作者: 文扬 人气: 7949 日期: 2014/11/27
11月中,借G20峰会之机,习近平再次向世界表明中国和平发展的意愿和决心。
他在
澳大利亚
联邦议会发表演讲时说,中国是一个拥有超过13亿人口的大国,是“人群中的大块头”,其他国家“肯定要看看大块头要怎么走、怎么动,会不会撞到自己,会不会堵了自己的路,会不会占了自己的地盘”。
然而他再次强调,“中国虽然是个大块头,但两千多年前中国的先人就认识到‘国虽大,好战必亡’的道理。”
这是习近平在一年之内再次发表“大块头”论和“好战必亡”论。今年春天他出访欧洲,在3月28日于德国柏林科尔伯基金会的演讲中他曾说:“有着5000多年 历史的中华文明,始终崇尚和平,和平、和睦、和谐的追求深深植根于中华民族的精神世界之中,深深溶化在中国人民的血脉之中。中国自古就提出了‘国虽大,好战必亡’的箴言。‘以和为贵’、‘和而不同’、‘化干戈为玉帛’、‘国泰民安’、‘睦邻友邦’、‘天下太平’、‘天下大同’等理念世代相传。中国历史上曾经长期是世界上最强大的国家之一,但没有留下殖民和侵略他国的记录。我们坚持走和平发展道路,是对几千年来中华民族热爱和平的文化传统的继承和发扬。”
习近平反复强调当今中国的和平发展与中华文明5000年和平理念之间的继承关系,这其中的深层含义,恐怕并不容易为西方领袖们所理解。
身处21世纪的世界战略格局当中,西方关于国际和平的认识和理解,脱不开近代世界历史的框架。近者,有二战后“泛美利坚和平”、冷战时期“核平衡”、“核恐怖”下的和平;远者,有一战战后“集体安全”下的和平、维多利亚时期“泛不列颠和平”、拿破仑战争后“欧洲协调”下的和平;最远,就是17世纪20-40 年代黎塞留时期“均势体系”下的和平。
回顾历史,正是法王路易十三的宰相、枢机主教黎塞留开创了近现代世界的基本格局,因为他所推行的 “国家至上”和“权力均衡”原则,在当时是作为反正统,也就是替代神圣罗马帝国大一统思想的新型理论而提出来的,正是在民族主义浪潮冲击之下分崩离析的欧 洲的产物。

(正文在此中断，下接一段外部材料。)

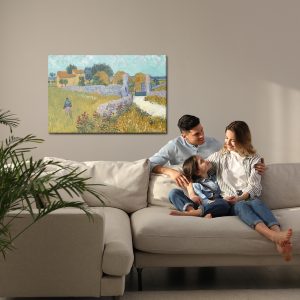 Peinture sur toile Vincent Van Gogh "Ferme En Provence" Reproduction – Image 7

此后的三个多世纪直到今天,从某种意义上讲,整个世界仍是黎塞留的世界,犹如是17世纪欧洲的扩大。美国就是扩大的英国,前苏联就是扩大的俄 国,欧盟就是扩大的法国和德国…,变化的是版图和权力的转移,不变的是主权国家体系和大国的均势平衡。
主权国家体系和大国的均势平衡,相对于西方文明历史,的确是“现代的”,是与中世纪的决裂,其理论基础与一整套西方现代主义哲学一脉相承。其中,列强间的“共同安全”理念,明显是亚当·斯密关于个体自私的利益追求会自动促进公共利益之增长这一思想的产物。
然而,历史见证,“现代的”并不必然意味着是“进步的”,线性历史观终久是个幻觉,正是空前黑暗野蛮的法西斯主义的兴起和两次世界大战的爆发,引起了对于西方现代主义宏大叙事根本上的质疑和反思。如果“后神圣罗马帝国”时代并不意味着进步,甚至在某些方面是大退步;如果近代以来欧洲的大分裂、战乱频仍和文明 毁灭无非是西方版的“礼崩乐坏”和“战国时代”,是罗马大一统解体之后的一次衰败周期;那么,所有近代以来的西方主流国际关系理论、战争与和平理论、大战 略和大外交理论,到底还有多少恒久价值和指导意义呢?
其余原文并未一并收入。